President George Bush will have spent more than $1 trillion on military adventures by the time he leaves office at the end of next year, more than the entire amount spent on the Korean and Vietnam wars combined.
There are also disturbing signs that Mr Bush is preparing an attack on Iran during his remaining months in office. He has demanded $46bn (£22.5bn) emergency funds from Congress by Christmas and included with it a single sentence requesting money to upgrade the B-2 "stealth" bomber.
By wrapping his request in the flag of patriotism, the President has made it very difficult even for an anti-war Congress to refuse the money. He was accompanied by the family of a dead US marine when he made the request for funds on Monday.
The House Speaker, Nancy Pelosi, has attacked the President's priorities saying: "For the cost of less than 40 days in Iraq, we could provide health care coverage to 10 million children for an entire year."
"The President is happy to put the military spending on the national credit card," said Steve Kosiak, a vice-president of the Centre for Strategic and Budgetary Assessments, an independent, military policy research institute, who said that the $1trn figure will soon be passed.

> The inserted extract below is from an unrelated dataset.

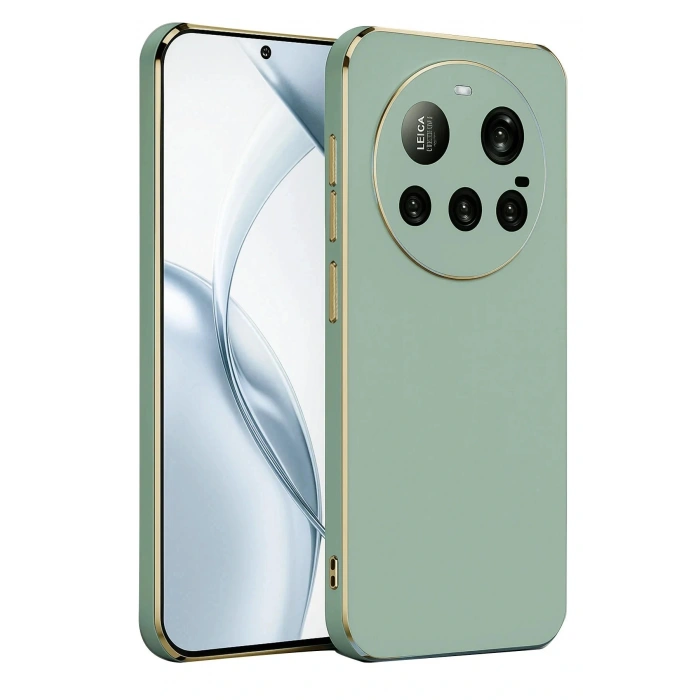 Xiaomi Mi 15 Ultra Kılıf Volet Silikon - Açık Yeşil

The full amount requested for this fiscal year is now $196.4bn. The US is on course to spend a total of $806bn fighting in Afghanistan and Iraq, more than on any war it has fought since the Second World War. With interest payments this tops $1trn.
Despite their expense, the wars in Afghanistan and Iraq are less of an economic burden (at 4.2 per cent of GDP) than earlier wars. The 1990-91 Gulf War cost $88bn, the Korean War cost $456bn (12.2 per cent of GDP) and the Vietnam War, $518bn (9.4 per cent of GDP). By comparison the Second World War cost more than 40 per cent of GDP.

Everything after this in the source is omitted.